- _Source material_:
########################################

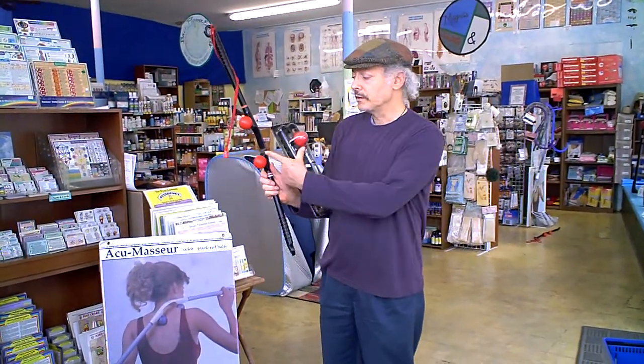It takes about a minute to learn how to use it, and that's what I'm here for. It is not just a shoulder and neck massager — it's actually an all-body massager that can reach about 98% of the muscles on the body, believe it or not. This is the Accumassure. It comes in the black and red style with red golf balls. This is the packaging, and it's travel-friendly.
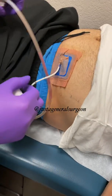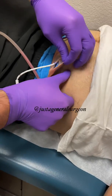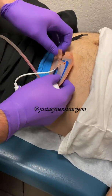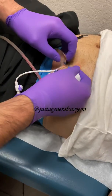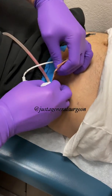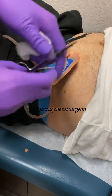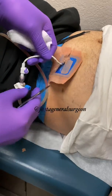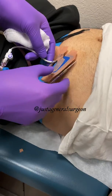We're going to take the bandage off. Got to be careful not to yank anything out prematurely. This looks like a pigtail drain, and here's a suture holding it in place.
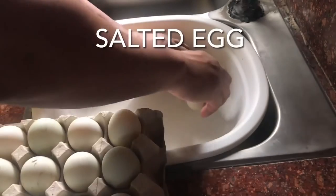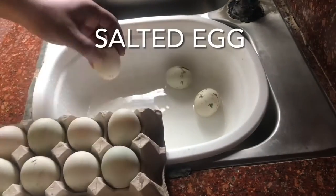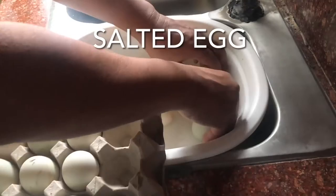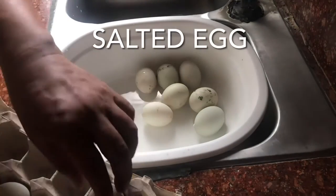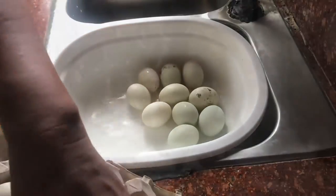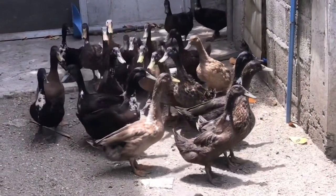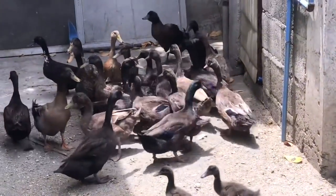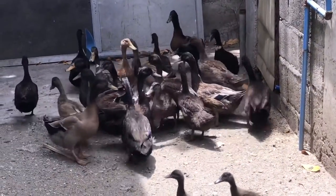Good day, mga kabrat. This time, we're going to make maalat (salted eggs). This is the maalat that I've got in front where I'm going to eat. Ito yung mga itik na sinasabi ko, mga kabrat — yan ang nagbibigay sa akin ng maraming mga itlog (these are the ducks that give me many eggs).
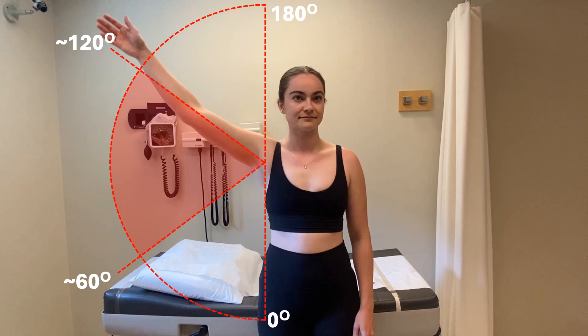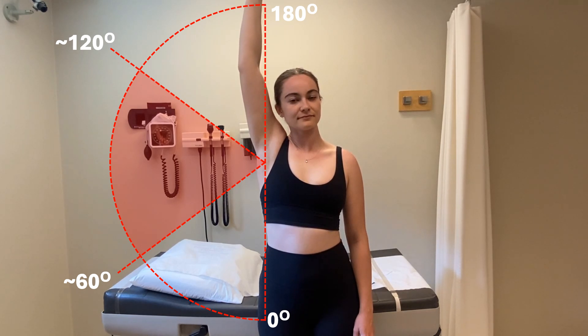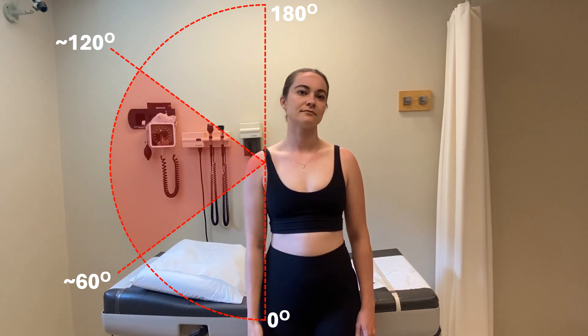As the patient continues to abduct their arm past 120 degrees, the patient should report that the pain dissipates. Now have the patient lower their arm in the same controlled fashion, and again the pain should reproduce between 120 and 60 degrees of abduction, and the patient may have difficulty controlling the descent of their arm.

########################################

- _Work task_: All of the lines above should be printed exactly, minus the pictures.

- _Result of the exercise_:
It takes about a minute to learn how to use it, and that's what I'm here for. It is not just a shoulder and neck massager — it's actually an all-body massager that can reach about 98% of the muscles on the body, believe it or not. This is the Accumassure. It comes in the black and red style with red golf balls. This is the packaging, and it's travel-friendly.
We're going to take the bandage off. Got to be careful not to yank anything out prematurely. This looks like a pigtail drain, and here's a suture holding it in place.
Good day, mga kabrat. This time, we're going to make maalat (salted eggs). This is the maalat that I've got in front where I'm going to eat. Ito yung mga itik na sinasabi ko, mga kabrat — yan ang nagbibigay sa akin ng maraming mga itlog (these are the ducks that give me many eggs).
As the patient continues to abduct their arm past 120 degrees, the patient should report that the pain dissipates. Now have the patient lower their arm in the same controlled fashion, and again the pain should reproduce between 120 and 60 degrees of abduction, and the patient may have difficulty controlling the descent of their arm.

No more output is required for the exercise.